Summary
I cannot finish the original domain driven design doc by Eric Evans as it's too dry and sometimes lack of focus so I pivoted to this book to learn about DDD. DDD fits well into currently popular microservices trend. However, this book lacks sufficient examples and detailed tips on how to apply DDD to practical situations. The most important learnings of the book is: use ubiquitous within EPD, model domain in a well contained bounded context and map it to your team structure.
Raw Reading Notes
1. Use ubiquitous language to communicate between engineering, product , and stakeholder
2. write text message + diagram to illustrate models
3. Keep design and code in sync by referring to design while coding, and updating doc if necessary
4. Model driven design
1. Entities are objects with an identity, which remains the same throughout the states of the software. For these objects the values don’t matter, only the identifier. Only create Entities for the most important parts of the domain.
2. Value Objects are objects where we are only interested in it’s attributes. They don’t have an identity. It is recommended to make Value Objects immutable. Keep Value objects thin and simple.
3. Services provide functionality for the domain. Functionality that cannot be incorporated in Entities or Value Objects because it functions across several objects. Services can appear in each of the layers.
4. Modules are used as a method to organise related concepts and tasks in order to reduce complexity. Modules should be made up of elements which functionally or logically belong together.
5. An Aggregate is a group of associated objects which are considered as one unit with regard to data changes. Each aggregate has a root Entity and that is the only object accessible from the outside. Other object in the aggregate can only be changed by performing actions on the root, never directly on the other objects.

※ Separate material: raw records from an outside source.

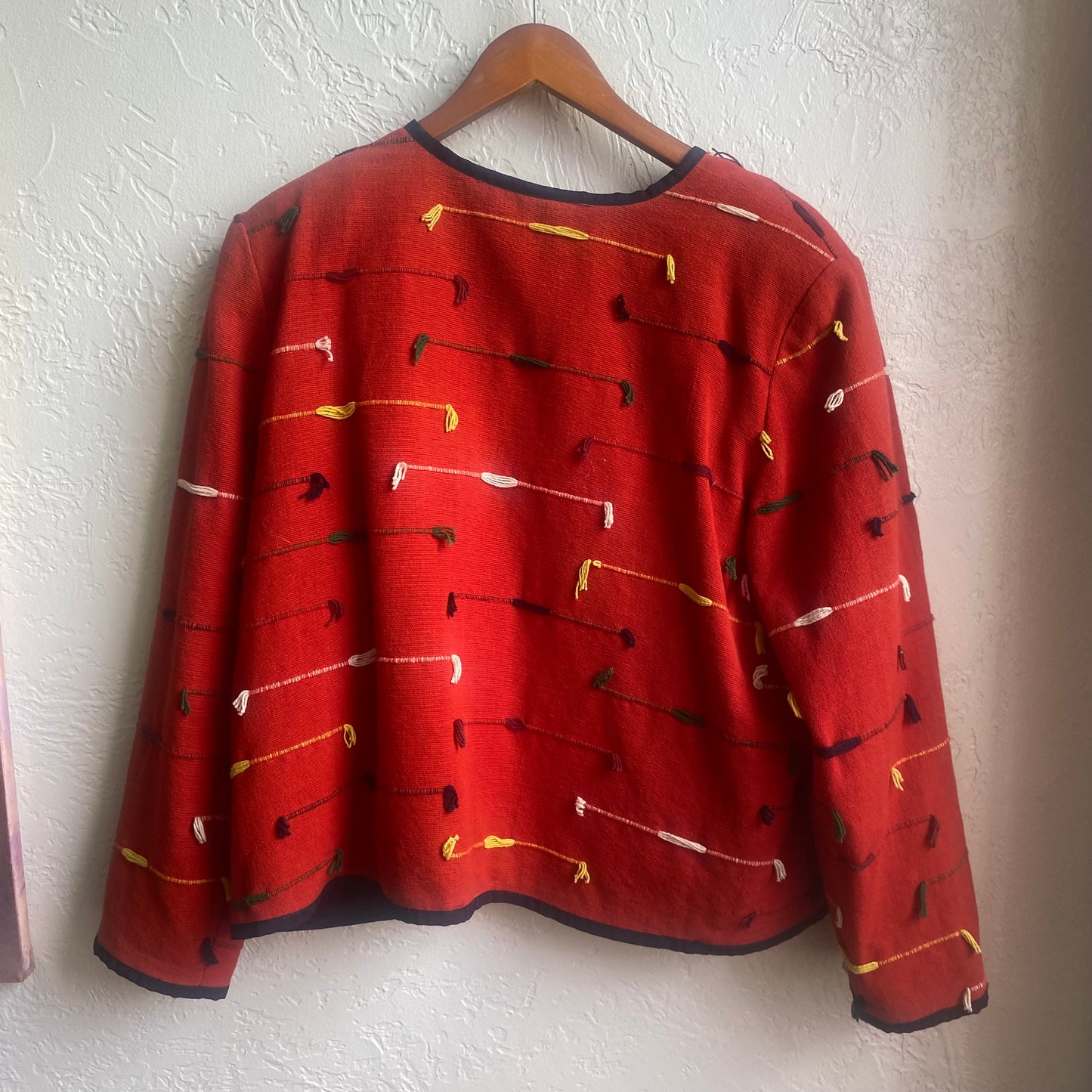 Floral Colorful Button Up Jacket | XL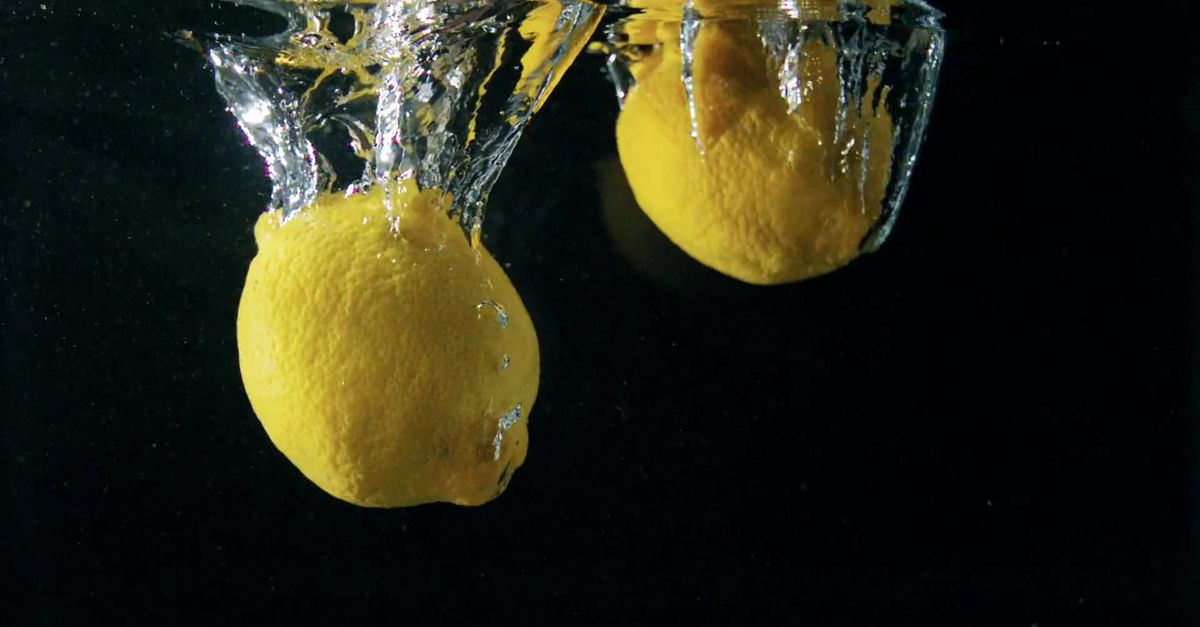 Lemon Drop Camera Dropping Lemons In Water Β· Free Stock Video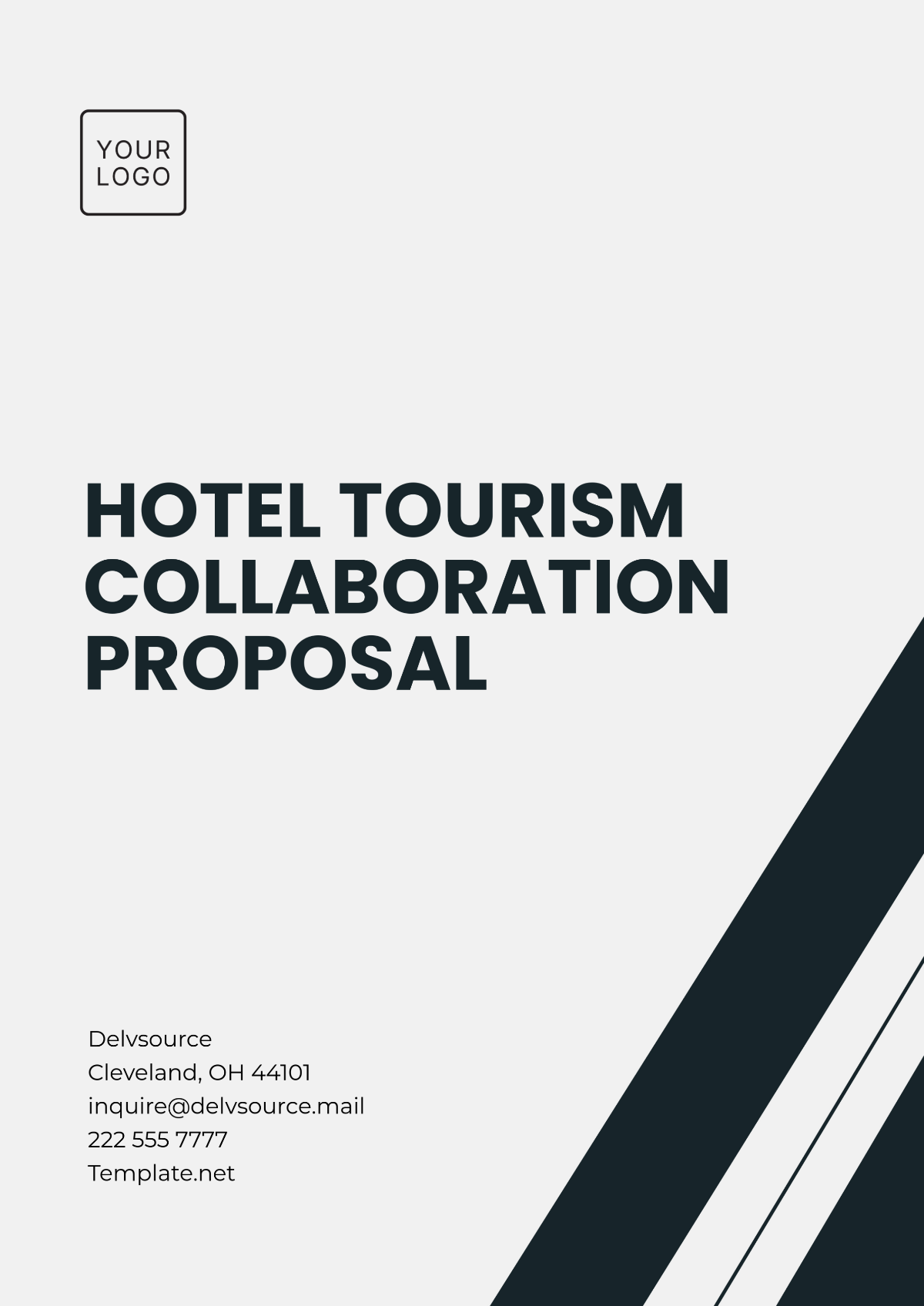 Hotel Tourism Collaboration Proposal Template - Edit Online & Download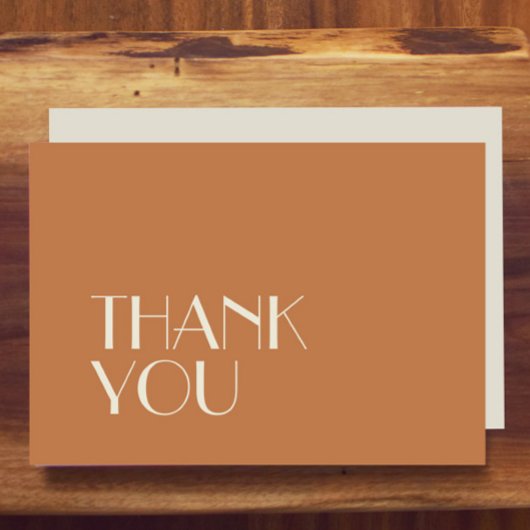 Autumn Boho Deko | Terracotta Wedding Flat Dankeskarte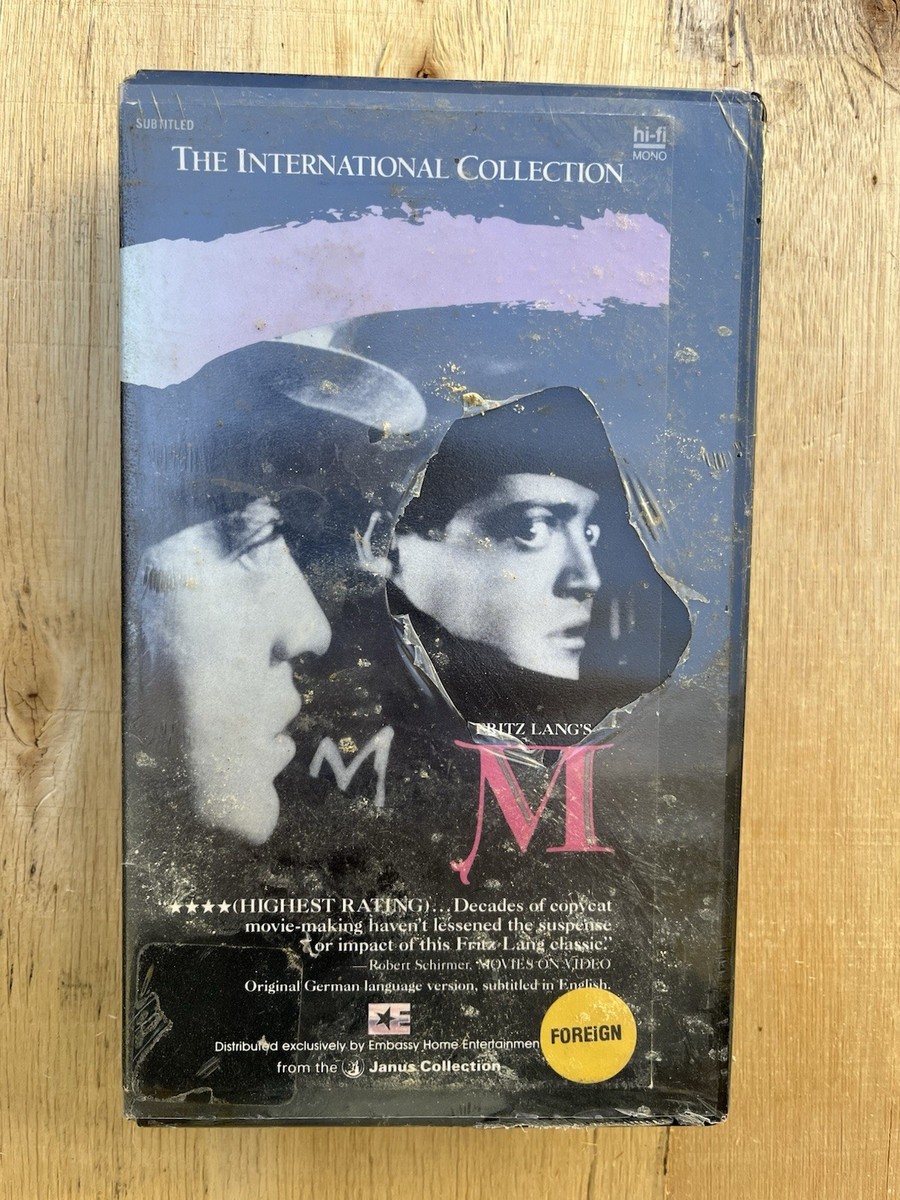 M (VHS) for sale online | eBay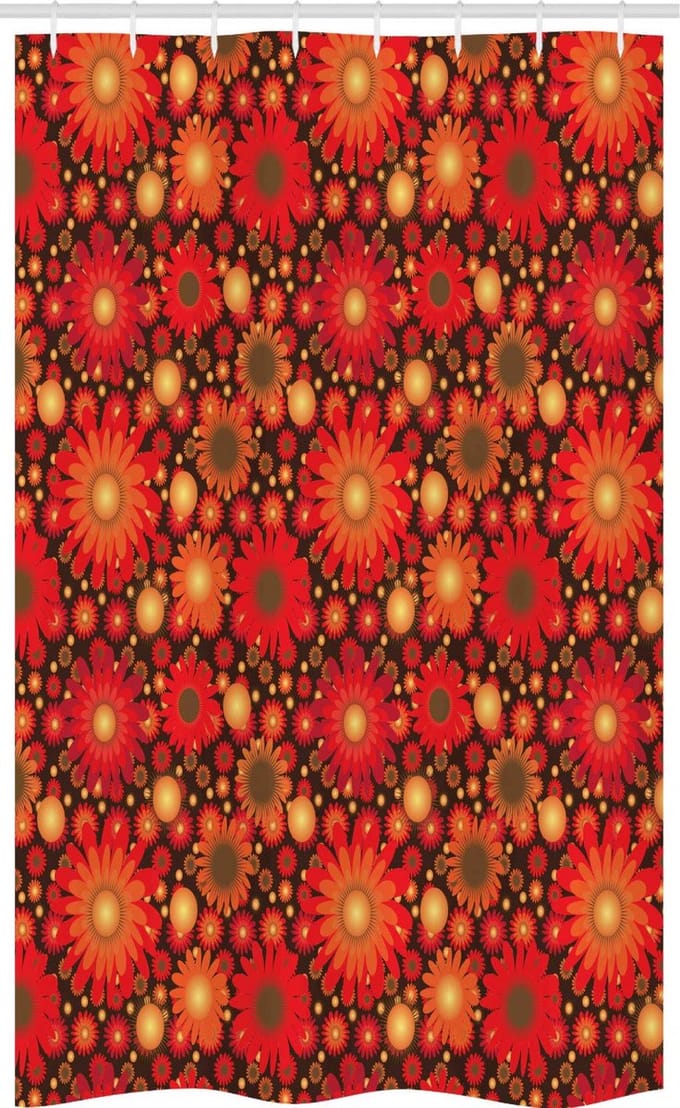 ABAKUHAUS douchegordijn – 120x180 cm, Vivid Botanisch, Polyester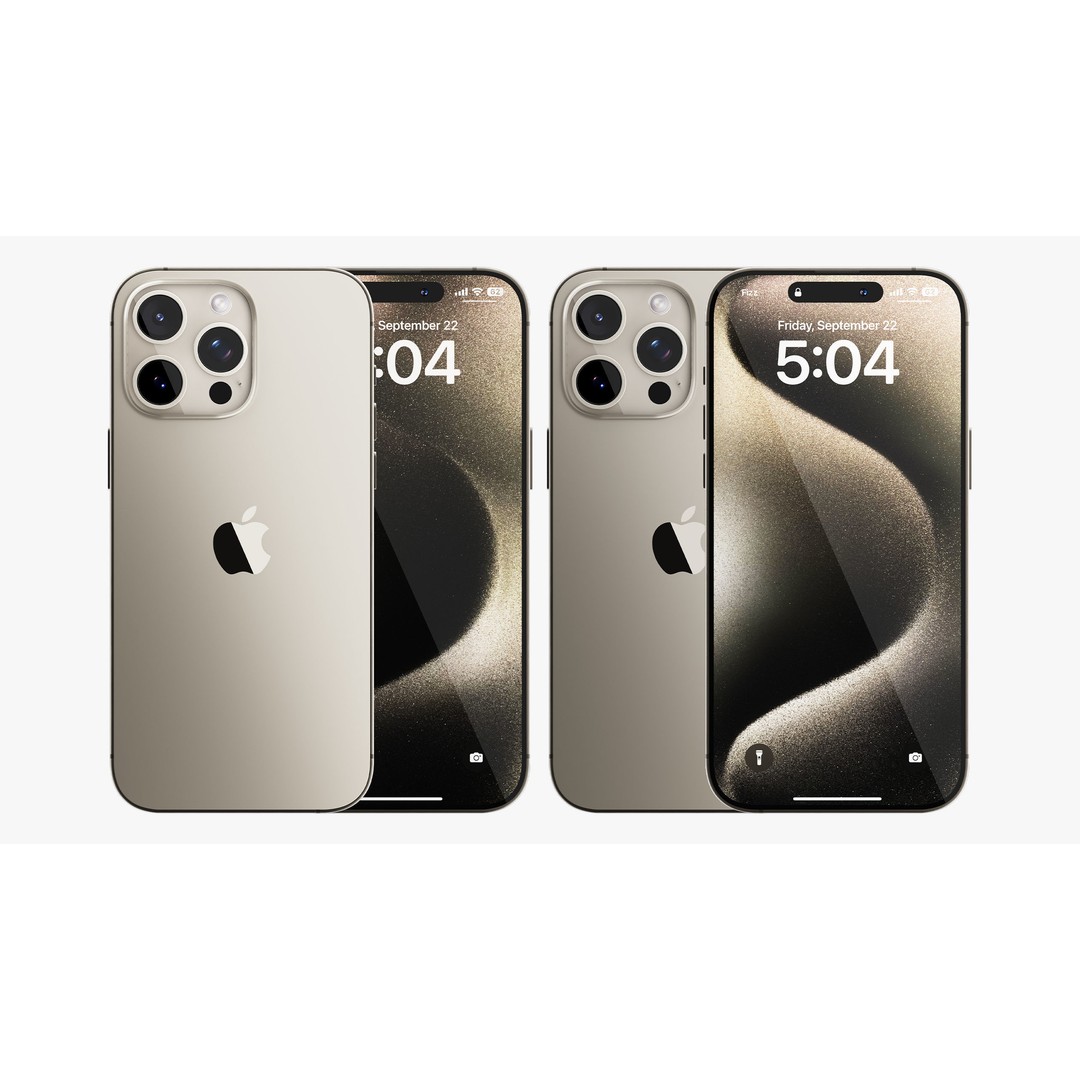 Apple iPhone 15 Pro Max 3D Model – High Poly PBR Asset, FBX & OBJ - View 14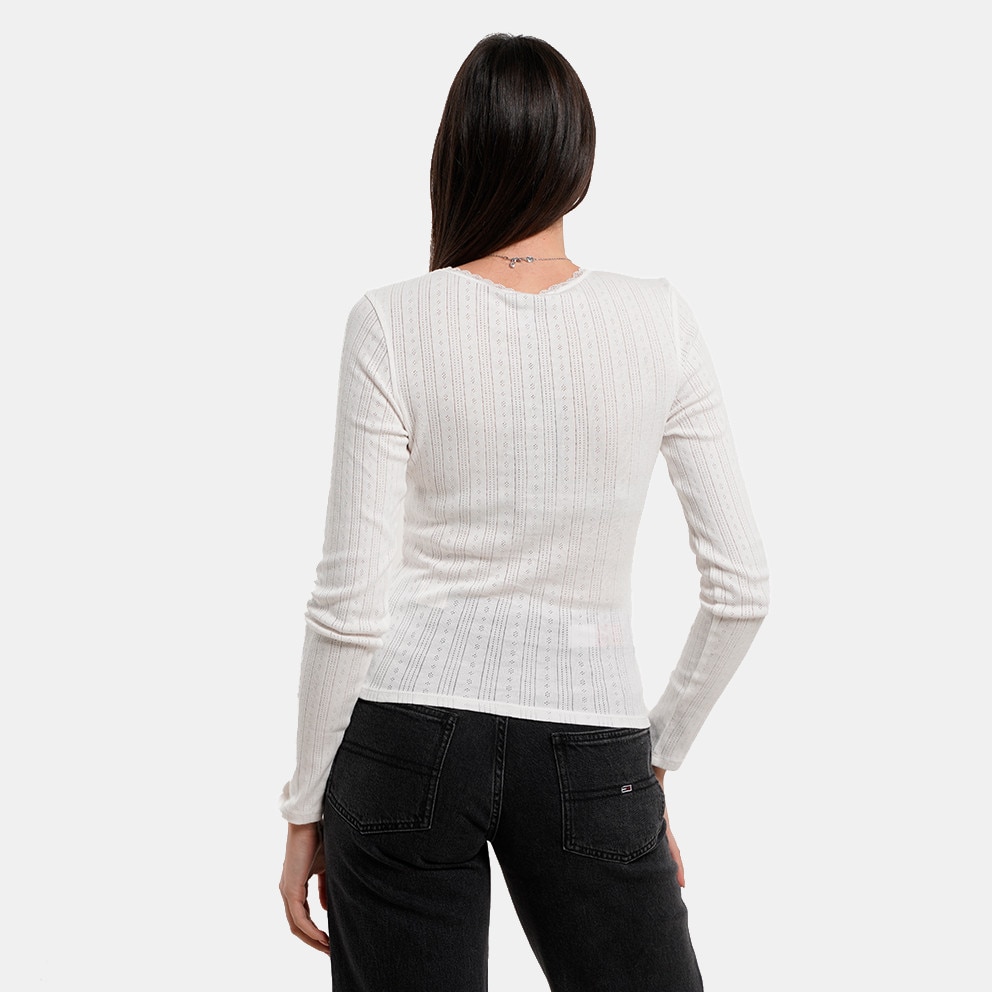 Tommy Jeans Slim Pointelle Γυναικεία Μακρυμάνικη Μπλούζα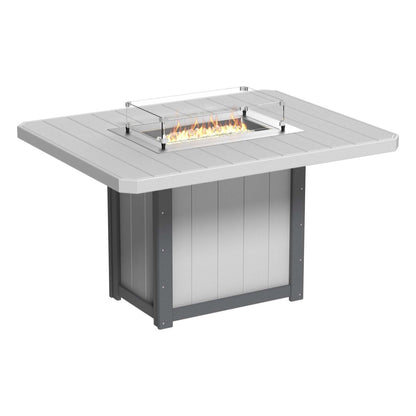 LuxCraft Poly Lumin Fire Table 62″ Rectangular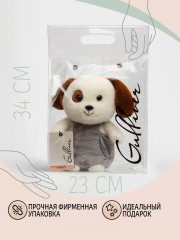 Игрушка мягкая «Собачка Пятнышко» - Фото 5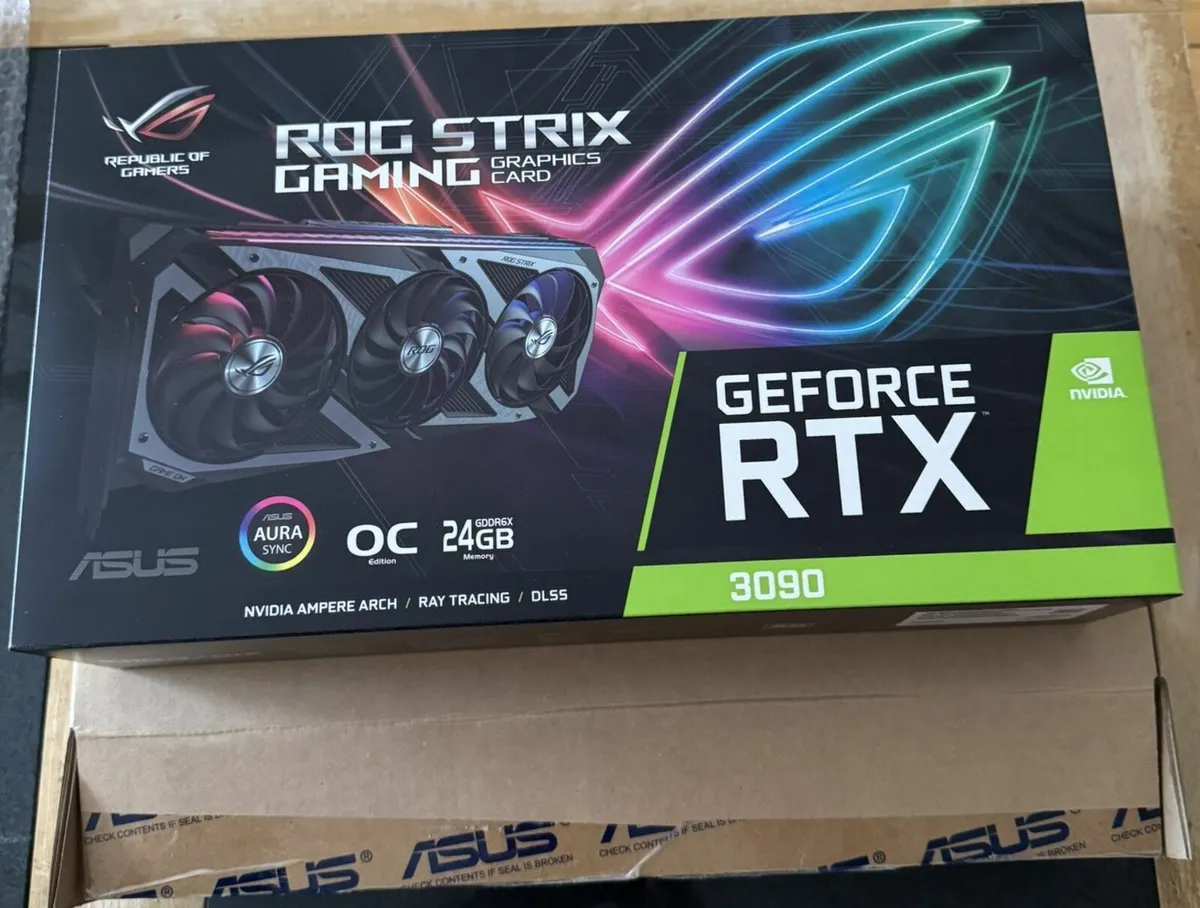 ASUS ROG Strix GeForce RTX 3090 OC 24GB GDDR6X - Image 3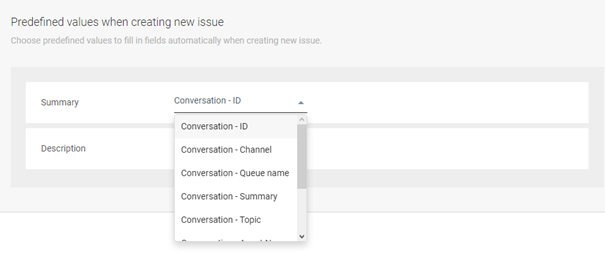 JIRA - Use predefined values when creating new issues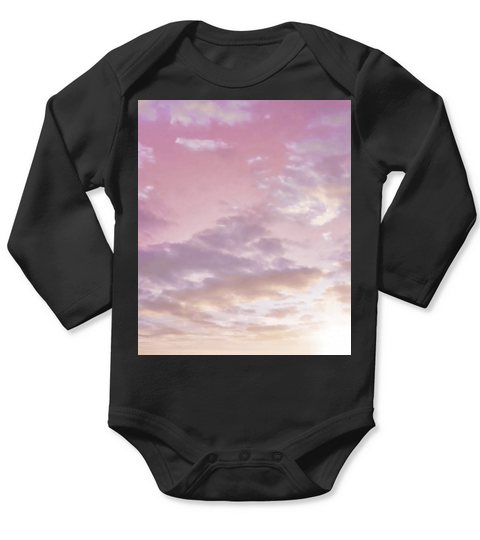 Vintage Pink Cloud Aesthetic Dreamcore Angelcore Long Sleeve Baby One-Piece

6. Factories can encapsulate the process of complex object creation. They are especially useful to create Aggregates.
7. Repositories encapsulate the logic for storing and retrieving objects. They hide the logic of for example a database, files or communication with an external service and may use for example caching.
5. Bounded Context: A model should be small enough to be assigned to one team. There is no formula to divide one large model into smaller ones.
6. Context Map: An enterprise application has multiple models, and each model has its own Bounded Context. It is advisable to use the context as the basis for team organization. A Context Map is a document which outlines the different Bounded Contexts and the relationships between them. (e.g. a high level architecture)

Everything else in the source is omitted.